When asked how often consumers took the following actions as a direct result of receiving permission-based email from a CPG company, on a four-point scale, the survey revealed that:
91% of respondents downloaded or printed a coupon;
81% clicked on a link in an email to learn more;
76% tried a new product for the first time;
75% read company or brand content;
67% researched retail locations that carry the product;
66% ordered a product sample;? 65% shared a coupon or forwarded the email;
65% purchased the product online;? 34% typed or copied a URL directly into their browser.
Favourable word of mouth beats everything else
But each detractor costs 1.3 new customers
In an unfavourable economic climate, companies must focus on creating positive word-of-mouth (WoM), according to the findings of a Net Promoter-based study into the B2C wireless market by Satmetrix. The study examined the financial impact of both positive and negative WoM, and highlighted the impact that customer loyalty and WoM can have on a company’s brand and bottom line.
The study was based on the Net Promoter Economic Framework, which determines total customer value based on buyer and referral behaviours of ‘promoters’ (customers who are likely to recommend the company or its products) and ‘detractors’ (customers who are unlikely to recommend the company or its products). For the study, ‘buyer economics’ refers to how much a customer spends over a given period of time, and ‘referral economics’ refers to the amount of new business that is gained or lost as a result of the customer telling others about their experience.

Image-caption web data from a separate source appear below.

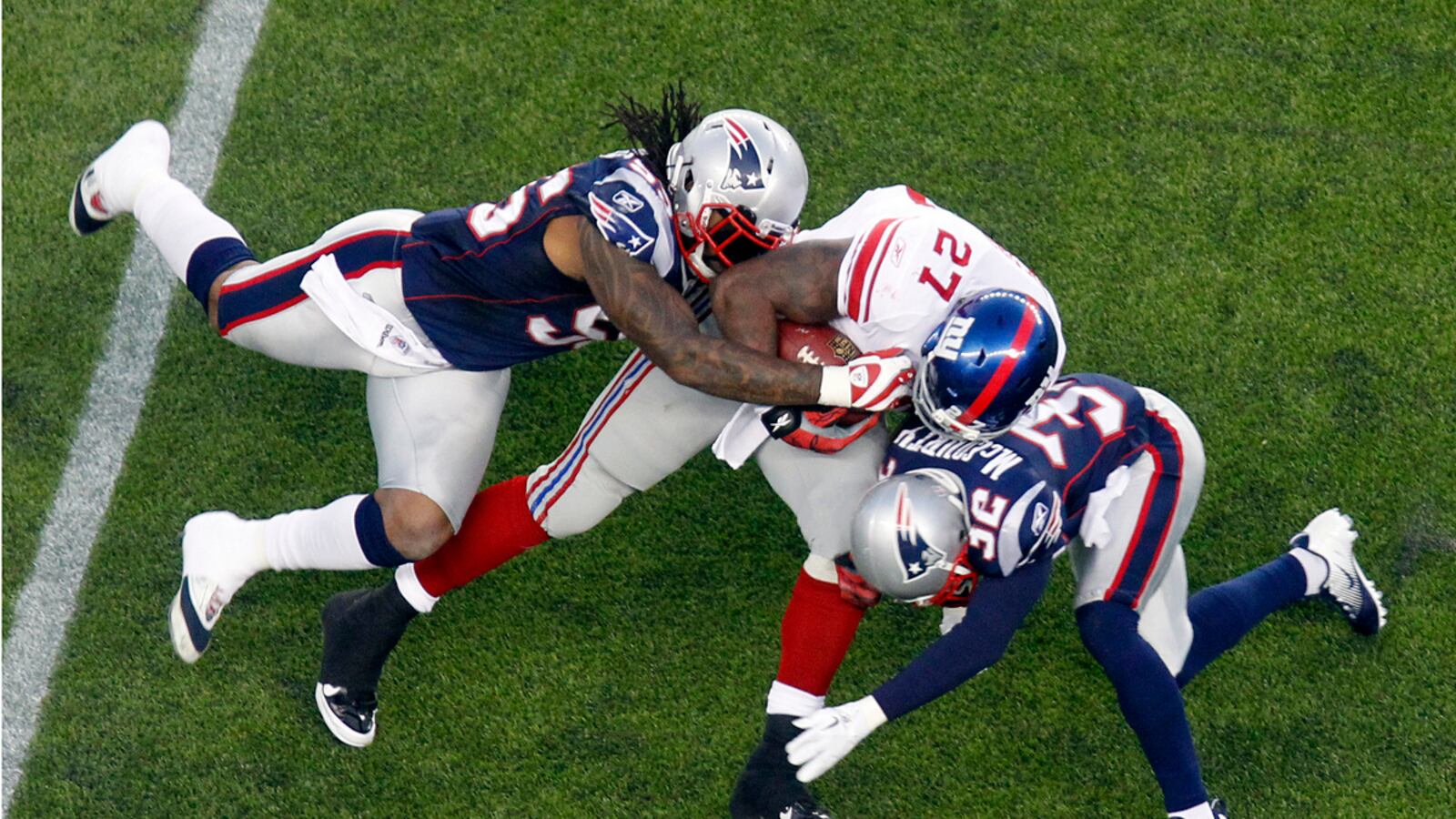 articles/2012/02/02/it-s-time-to-quit-ignoring-sports-head-trauma-s-very-real-dangers/giants-patriots-tackle-sepkowitz_vxufl9
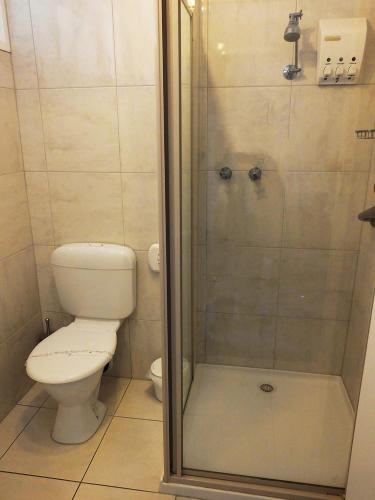 Un baño de Edinburgh Motor Inn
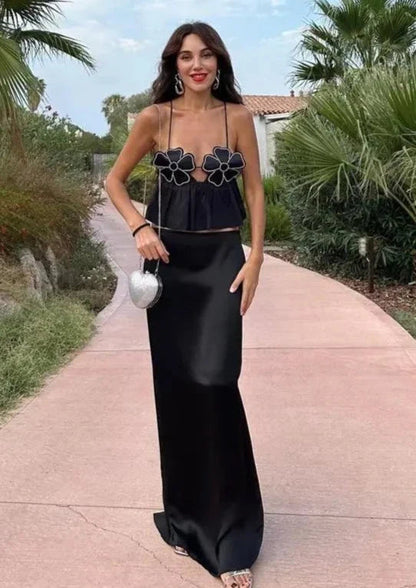 Blomstertop med Peplum og Halterneck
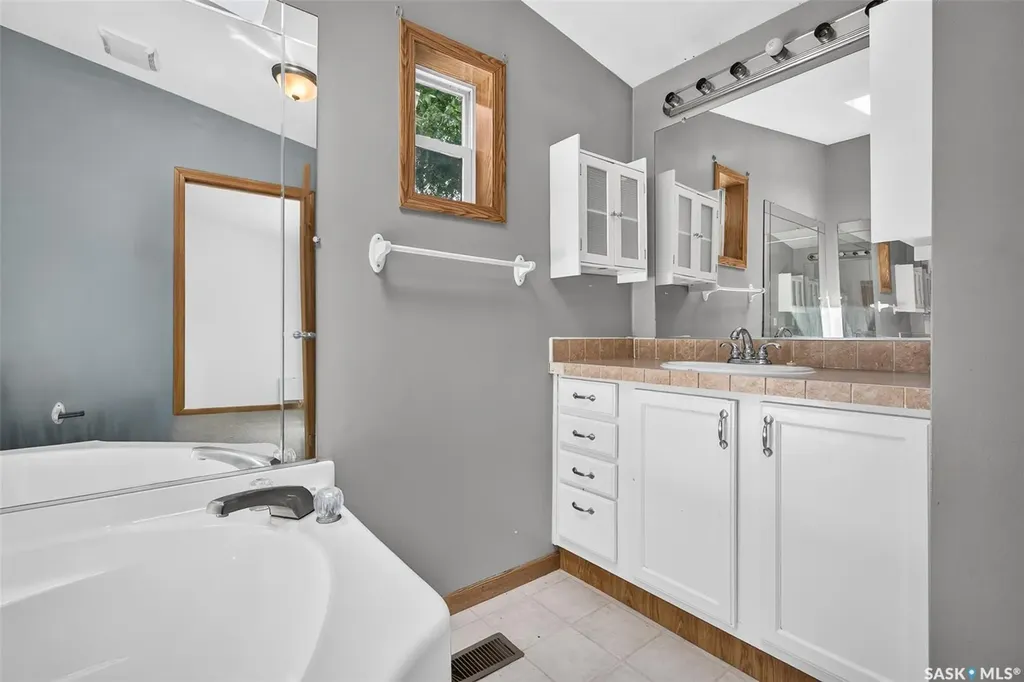 1295 9th Avenue NE Moose Jaw SK S6J 1C5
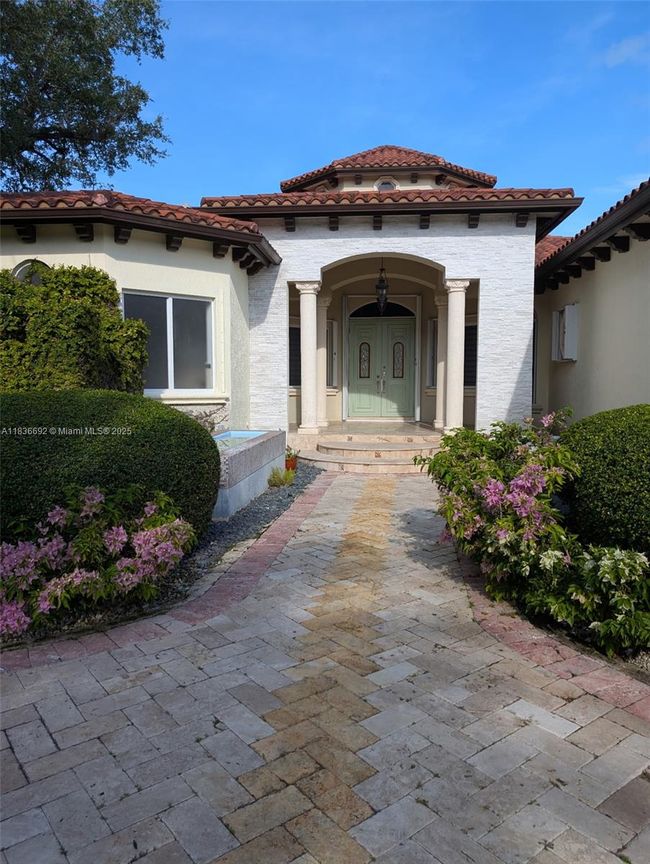 13400 Sw 83 Rd Ave, House other with 4 bedrooms, 6 bathrooms and null parking in Pinecrest FL | Image 4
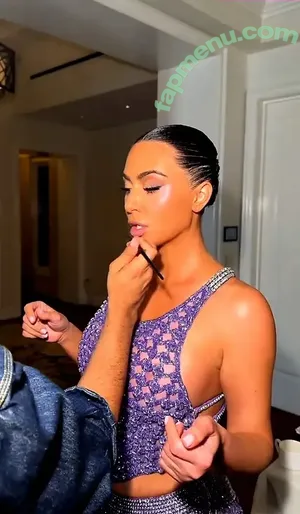 Kim Kardashian / KimKardashian nude photo #1129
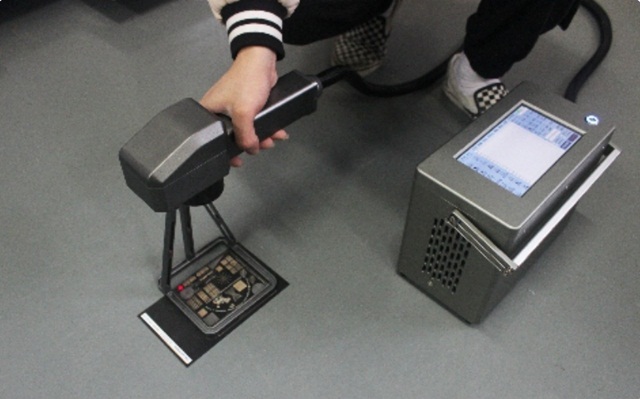 MÁY KHẮC LASER FIBER MINI CẦM TAY TIỆN LỢI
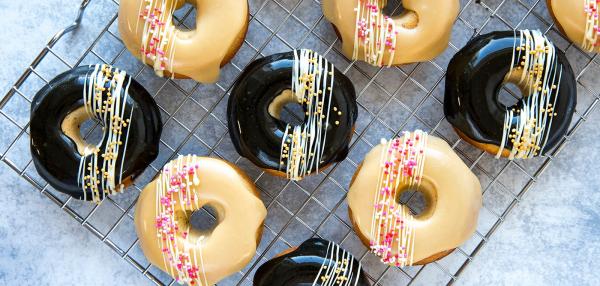 Toffeekuorrutetut uunidonitsit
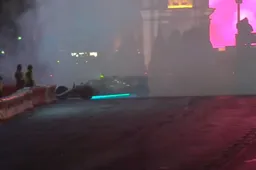 Hamilton raakt muur tijdens F1-demonstratie: "Ik was helemaal de weg kwijt"
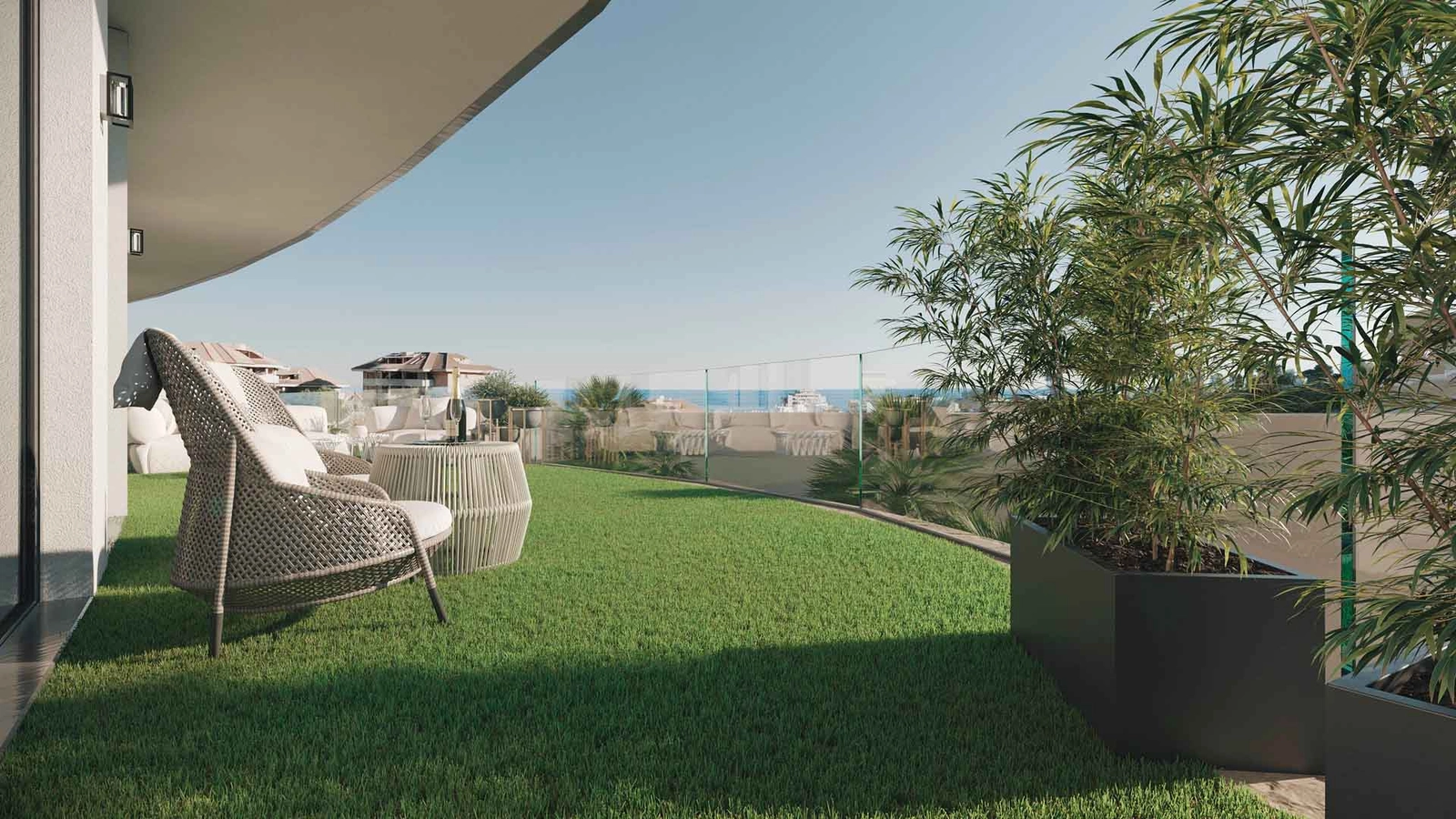 Eine großzügige private Terrasse mit atemberaubendem Blick auf das Mittelmeer von Ihrem Luxushaus an der Costa del Sol.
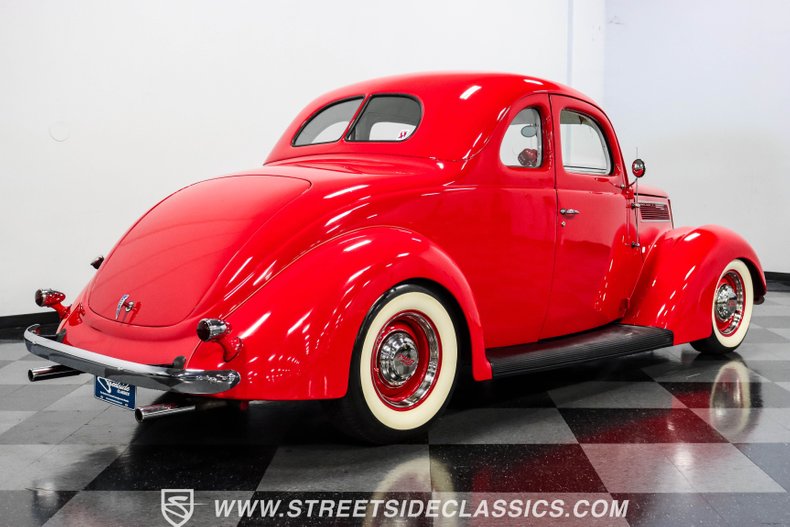 Unknown-5-window-1937-Red-White-8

The Impact of Word of Mouth’ study discovered that each promoter was worth approximately US$1,700 and accounted for approximately one-half of a new customer acquired through positive word-of-mouth.By comparison, each detractor accounted for the loss of 1.3 new customers through negative word-of-mouth.
The lost business associated with these negative referrals was found to undo the entire value of the detractor’s own purchase behaviour as well as causing the loss of a further US$300 (so a detractor is worth US$2,000 less than a promoter). “While reported spending did not differ between promoters and detractors, the detractors’ negative behaviour represents a significant hidden cost and a net drain on the bottom line,” explained Dr Vince Nowinksi, director of methodology for Satmetrix. “A company’s ability to take action to increase promoters and reduce detractors has a significant impact on financial performance,” concluded Dr Laura Brooks, vice president of business consulting and methodology for Satmetrix.
“Companies with a business strategy focused on the customer experience tend to enjoy stronger brand affinity, improved customer retention, and increased growth.”